I have on occasion spoken disparagingly of the quality of classical music in Paris, but last night Susie and I went to a simply lovely concert that forces me to withdraw my disapproval. An organization of early music ensembles formed by young students and graduates of music schools in France has been putting on something called Festival Marin-Marais after the great seventeenth century viole player who was played by Gérard Depardieu in the beautiful film about Sainte-Colombe, Tous les Matins du Monde. [In the film, Depardieu’s son plays Marin Marais as a young man.] The festival consists of eighteen concerts, between September and November. We went to the Temple du Foyer de l’Ȃme on the curiously named rue du Pasteur-Wagner just north of Place de la Bastille. The concert, devoted to music of the seventeenth century, combined the efforts of two groups: Atys, six young women, three of whom play baroque violins and three of whom play violas da gamba, and Quadrivium Consort, five young men who play natural trumpets [no valves or keys] and a variety of oddly shaped cornets. The concert featured music by several composers of whom I had never heard, such as Johann Vierdanck and Pavel Josef Vejvanovsky. It was a delight. Early music is alive and well in Paris.

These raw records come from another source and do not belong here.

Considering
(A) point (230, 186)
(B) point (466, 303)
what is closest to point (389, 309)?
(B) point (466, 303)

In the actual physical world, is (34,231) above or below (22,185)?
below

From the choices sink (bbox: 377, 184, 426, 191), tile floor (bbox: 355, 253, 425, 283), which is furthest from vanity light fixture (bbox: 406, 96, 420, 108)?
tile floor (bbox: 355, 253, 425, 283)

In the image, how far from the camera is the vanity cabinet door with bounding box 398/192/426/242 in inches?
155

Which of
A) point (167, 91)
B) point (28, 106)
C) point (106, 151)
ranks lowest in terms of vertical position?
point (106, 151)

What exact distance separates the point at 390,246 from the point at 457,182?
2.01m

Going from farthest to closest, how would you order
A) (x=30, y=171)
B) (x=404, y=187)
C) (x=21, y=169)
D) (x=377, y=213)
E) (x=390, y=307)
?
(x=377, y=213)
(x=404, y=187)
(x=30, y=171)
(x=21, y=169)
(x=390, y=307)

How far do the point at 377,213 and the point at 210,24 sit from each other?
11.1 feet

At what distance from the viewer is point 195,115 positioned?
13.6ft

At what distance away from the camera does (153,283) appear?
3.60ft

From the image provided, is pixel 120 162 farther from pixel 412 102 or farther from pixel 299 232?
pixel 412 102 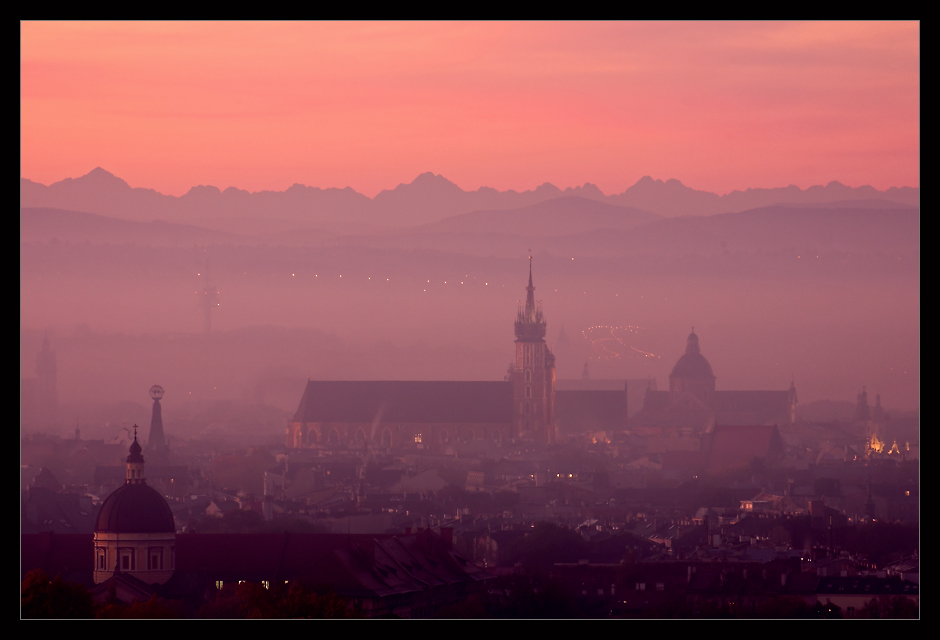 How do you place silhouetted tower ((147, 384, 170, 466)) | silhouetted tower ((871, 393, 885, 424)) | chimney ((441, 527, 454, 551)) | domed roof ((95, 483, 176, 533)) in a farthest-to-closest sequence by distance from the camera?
1. silhouetted tower ((871, 393, 885, 424))
2. silhouetted tower ((147, 384, 170, 466))
3. chimney ((441, 527, 454, 551))
4. domed roof ((95, 483, 176, 533))

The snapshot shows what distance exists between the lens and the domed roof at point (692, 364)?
17825cm

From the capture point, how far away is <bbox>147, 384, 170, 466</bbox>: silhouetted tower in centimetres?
12912

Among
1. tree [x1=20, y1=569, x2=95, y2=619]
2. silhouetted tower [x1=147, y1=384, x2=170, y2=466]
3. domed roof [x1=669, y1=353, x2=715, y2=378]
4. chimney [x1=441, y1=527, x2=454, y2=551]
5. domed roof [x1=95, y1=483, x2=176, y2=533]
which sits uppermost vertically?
domed roof [x1=669, y1=353, x2=715, y2=378]

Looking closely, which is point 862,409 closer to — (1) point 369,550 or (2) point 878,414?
(2) point 878,414

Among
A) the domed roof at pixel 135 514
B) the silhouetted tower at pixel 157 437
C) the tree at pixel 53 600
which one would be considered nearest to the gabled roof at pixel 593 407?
the silhouetted tower at pixel 157 437

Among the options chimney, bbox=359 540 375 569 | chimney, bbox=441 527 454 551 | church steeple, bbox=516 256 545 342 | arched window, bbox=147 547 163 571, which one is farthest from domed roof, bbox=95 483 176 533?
church steeple, bbox=516 256 545 342

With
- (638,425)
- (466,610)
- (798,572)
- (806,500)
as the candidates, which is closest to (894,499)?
(806,500)

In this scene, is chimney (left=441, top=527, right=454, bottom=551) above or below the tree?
above

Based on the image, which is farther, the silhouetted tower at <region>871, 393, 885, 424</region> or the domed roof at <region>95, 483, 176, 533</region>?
the silhouetted tower at <region>871, 393, 885, 424</region>

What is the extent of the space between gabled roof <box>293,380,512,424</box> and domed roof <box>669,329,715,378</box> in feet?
60.0

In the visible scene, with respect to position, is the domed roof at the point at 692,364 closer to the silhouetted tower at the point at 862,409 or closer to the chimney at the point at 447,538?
the silhouetted tower at the point at 862,409

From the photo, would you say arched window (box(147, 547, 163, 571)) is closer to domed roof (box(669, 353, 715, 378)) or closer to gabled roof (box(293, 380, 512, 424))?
gabled roof (box(293, 380, 512, 424))

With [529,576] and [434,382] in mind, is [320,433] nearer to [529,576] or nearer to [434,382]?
[434,382]

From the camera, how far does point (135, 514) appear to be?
5250 cm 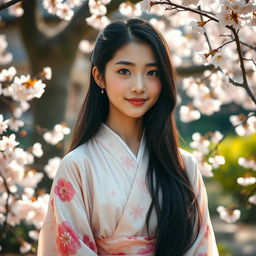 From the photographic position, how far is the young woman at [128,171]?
252 cm

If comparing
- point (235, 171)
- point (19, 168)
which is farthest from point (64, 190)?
point (235, 171)

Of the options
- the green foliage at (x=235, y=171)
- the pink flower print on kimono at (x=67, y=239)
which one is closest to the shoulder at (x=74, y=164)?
the pink flower print on kimono at (x=67, y=239)

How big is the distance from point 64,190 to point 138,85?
1.80 ft

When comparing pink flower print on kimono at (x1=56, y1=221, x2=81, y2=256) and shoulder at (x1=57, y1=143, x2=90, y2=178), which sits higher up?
shoulder at (x1=57, y1=143, x2=90, y2=178)

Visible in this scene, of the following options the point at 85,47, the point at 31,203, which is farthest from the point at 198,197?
the point at 85,47

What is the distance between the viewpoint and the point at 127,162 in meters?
2.66

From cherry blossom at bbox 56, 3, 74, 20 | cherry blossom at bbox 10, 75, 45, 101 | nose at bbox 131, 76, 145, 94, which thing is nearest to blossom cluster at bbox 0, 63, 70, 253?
cherry blossom at bbox 10, 75, 45, 101

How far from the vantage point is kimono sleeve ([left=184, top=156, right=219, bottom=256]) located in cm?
262

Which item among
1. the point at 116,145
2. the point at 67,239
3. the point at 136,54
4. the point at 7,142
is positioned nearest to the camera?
the point at 67,239

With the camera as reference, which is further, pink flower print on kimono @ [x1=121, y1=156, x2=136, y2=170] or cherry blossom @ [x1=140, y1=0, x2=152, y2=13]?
pink flower print on kimono @ [x1=121, y1=156, x2=136, y2=170]

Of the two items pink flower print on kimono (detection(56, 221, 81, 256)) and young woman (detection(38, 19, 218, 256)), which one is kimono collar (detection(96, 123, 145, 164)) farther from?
pink flower print on kimono (detection(56, 221, 81, 256))

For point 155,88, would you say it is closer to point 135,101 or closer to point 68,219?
point 135,101

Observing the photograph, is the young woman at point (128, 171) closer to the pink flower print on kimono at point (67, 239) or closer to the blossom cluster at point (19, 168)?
the pink flower print on kimono at point (67, 239)

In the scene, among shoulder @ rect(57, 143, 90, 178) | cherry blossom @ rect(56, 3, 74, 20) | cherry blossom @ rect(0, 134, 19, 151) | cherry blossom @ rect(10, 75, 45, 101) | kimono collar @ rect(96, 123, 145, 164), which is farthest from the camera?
cherry blossom @ rect(56, 3, 74, 20) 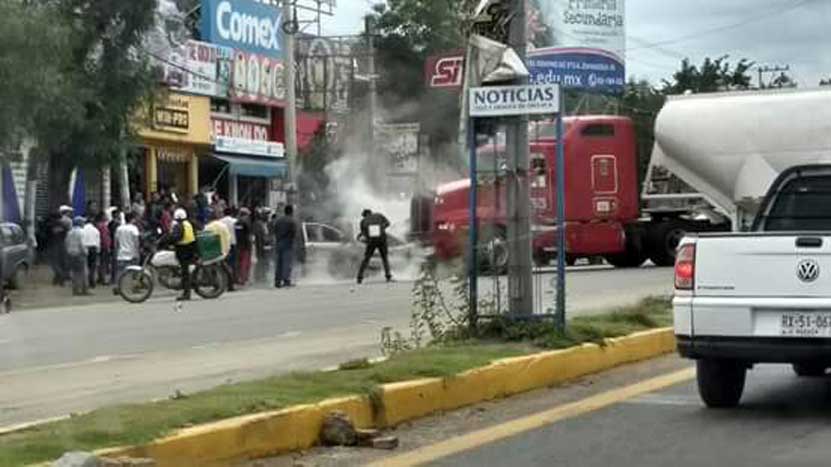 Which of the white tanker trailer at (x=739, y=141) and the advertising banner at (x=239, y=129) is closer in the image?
the white tanker trailer at (x=739, y=141)

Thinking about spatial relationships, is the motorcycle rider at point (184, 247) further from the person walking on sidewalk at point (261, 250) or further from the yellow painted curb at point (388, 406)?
the yellow painted curb at point (388, 406)

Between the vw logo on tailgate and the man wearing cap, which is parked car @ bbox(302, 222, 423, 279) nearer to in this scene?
the man wearing cap

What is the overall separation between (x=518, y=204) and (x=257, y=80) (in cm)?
3048

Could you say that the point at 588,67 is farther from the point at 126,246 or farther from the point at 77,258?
the point at 77,258

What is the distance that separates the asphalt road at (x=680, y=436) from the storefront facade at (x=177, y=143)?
26581 millimetres

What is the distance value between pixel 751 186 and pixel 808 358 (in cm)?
1573

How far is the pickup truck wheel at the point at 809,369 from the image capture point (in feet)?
32.1

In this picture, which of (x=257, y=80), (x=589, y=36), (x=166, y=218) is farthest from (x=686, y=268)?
(x=257, y=80)

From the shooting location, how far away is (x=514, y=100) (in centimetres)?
1169

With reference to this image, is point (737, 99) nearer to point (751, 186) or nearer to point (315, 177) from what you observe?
point (751, 186)

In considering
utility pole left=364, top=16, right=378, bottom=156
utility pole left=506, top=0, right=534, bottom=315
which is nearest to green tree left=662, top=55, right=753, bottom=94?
utility pole left=364, top=16, right=378, bottom=156

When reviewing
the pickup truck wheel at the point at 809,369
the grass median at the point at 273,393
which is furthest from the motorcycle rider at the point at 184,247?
the pickup truck wheel at the point at 809,369

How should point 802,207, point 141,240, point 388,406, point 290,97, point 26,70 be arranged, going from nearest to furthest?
point 388,406
point 802,207
point 26,70
point 141,240
point 290,97

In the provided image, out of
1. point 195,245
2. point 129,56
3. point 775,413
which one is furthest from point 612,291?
point 129,56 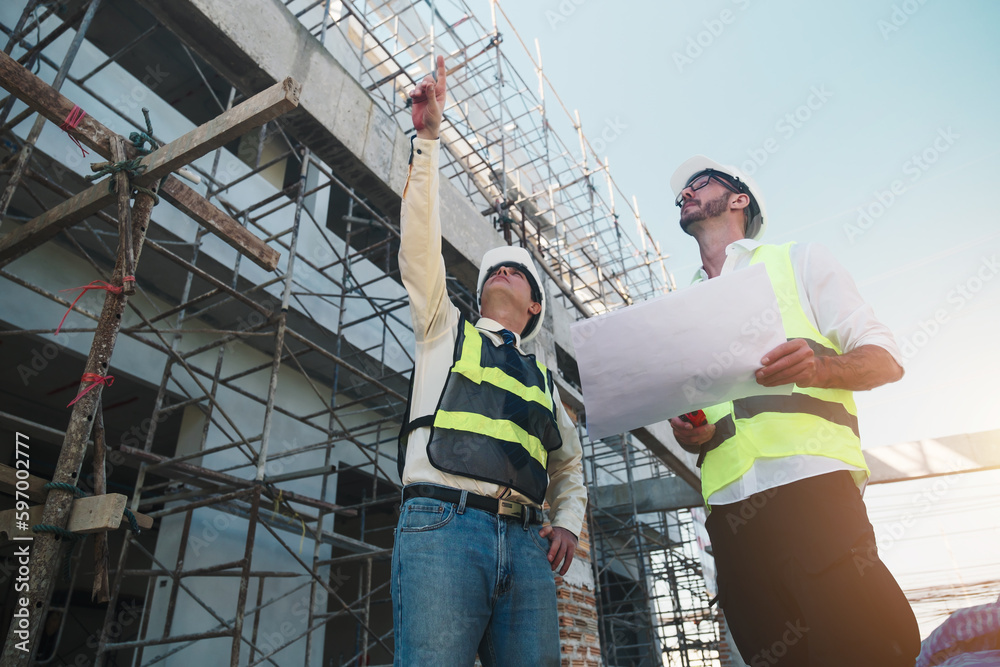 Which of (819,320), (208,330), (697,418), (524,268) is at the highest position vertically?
(208,330)

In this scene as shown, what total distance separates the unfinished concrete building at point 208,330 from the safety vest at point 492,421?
1.09 meters

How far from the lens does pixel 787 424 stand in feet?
4.87

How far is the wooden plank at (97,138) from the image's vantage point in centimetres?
228

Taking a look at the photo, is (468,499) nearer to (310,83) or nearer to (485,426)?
(485,426)

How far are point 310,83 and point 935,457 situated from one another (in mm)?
10933

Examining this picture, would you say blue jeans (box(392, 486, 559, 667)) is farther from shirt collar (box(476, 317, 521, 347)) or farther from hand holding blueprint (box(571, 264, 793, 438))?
shirt collar (box(476, 317, 521, 347))

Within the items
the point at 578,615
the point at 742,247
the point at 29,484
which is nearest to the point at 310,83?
the point at 29,484

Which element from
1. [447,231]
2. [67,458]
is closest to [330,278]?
[447,231]

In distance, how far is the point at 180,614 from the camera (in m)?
5.91

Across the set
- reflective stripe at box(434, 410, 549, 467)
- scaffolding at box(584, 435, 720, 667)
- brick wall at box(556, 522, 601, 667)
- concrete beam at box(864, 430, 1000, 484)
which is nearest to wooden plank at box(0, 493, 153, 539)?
reflective stripe at box(434, 410, 549, 467)

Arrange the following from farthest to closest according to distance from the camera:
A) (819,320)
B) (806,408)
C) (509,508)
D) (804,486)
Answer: (509,508), (819,320), (806,408), (804,486)

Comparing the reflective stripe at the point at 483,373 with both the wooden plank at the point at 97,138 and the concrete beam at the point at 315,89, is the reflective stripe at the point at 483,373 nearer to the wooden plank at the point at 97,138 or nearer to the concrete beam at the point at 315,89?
the wooden plank at the point at 97,138

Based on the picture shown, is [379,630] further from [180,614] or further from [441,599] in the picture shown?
[441,599]

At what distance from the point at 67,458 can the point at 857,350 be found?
2407 mm
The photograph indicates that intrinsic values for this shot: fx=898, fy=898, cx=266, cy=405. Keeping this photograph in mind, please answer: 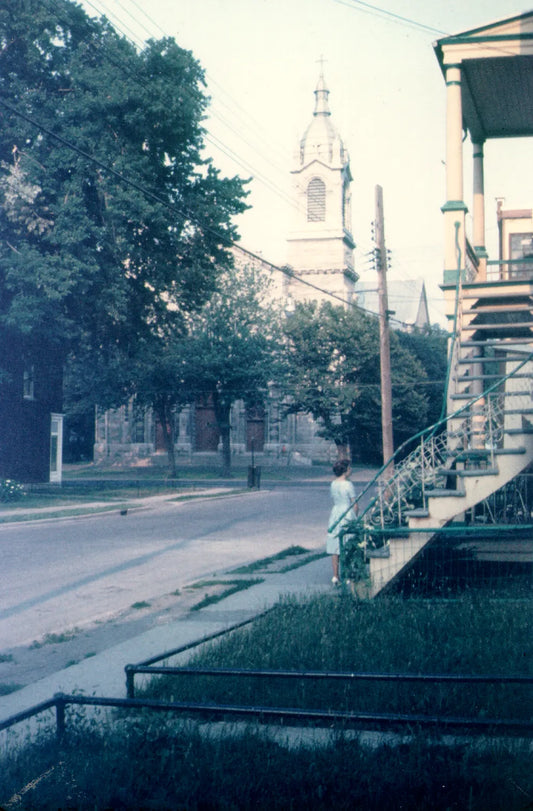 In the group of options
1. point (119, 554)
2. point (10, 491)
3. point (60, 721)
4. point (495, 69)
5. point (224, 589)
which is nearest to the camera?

To get into the concert, I had not only to pay for tickets [dirt cheap – ten Euros each] but also fill out a form which asked, among other things, what instrument I play! This got me two cards, with our names on them, which apparently will gain us entrance to the remaining concerts. I was so delighted that as we left I dropped a fifty Euro bill in the collection basket.
Because we got there early, we were able to sit in the front row, and once again I observed something I have noticed before. What follows is a bit of inside baseball, so those not enamored of early music can surf on over to the Huffington Post. Baroque violins [and violas] differ from modern instruments in three notable respects. They use gut strings, not metal strings; they use bows differently constructed; and they do not have chin rests. The consequence of the first two differences is that they make a softer, less brilliant sound. The absence of the chin rest makes it harder to play in the higher positions. [In first position, the player makes use of the open strings and supports the instrument with the thumb under its neck. To shift to higher positions, you must move the left hand up the neck, until finally, in the very highest positions, it looks as though the performer is trying to stick her finger in her right ear. The chin rest is designed to allow the performer to clamp the violin between the chin and the shoulder and hold it so that the left hand is free to move up and down between positions.] I watched the three women playing baroque violins, and I think I am correct that not once did they ever have to play in anything but the first position, even though the music they were playing was on occasion quite complex. I came away thinking that with a little practice I could play that music.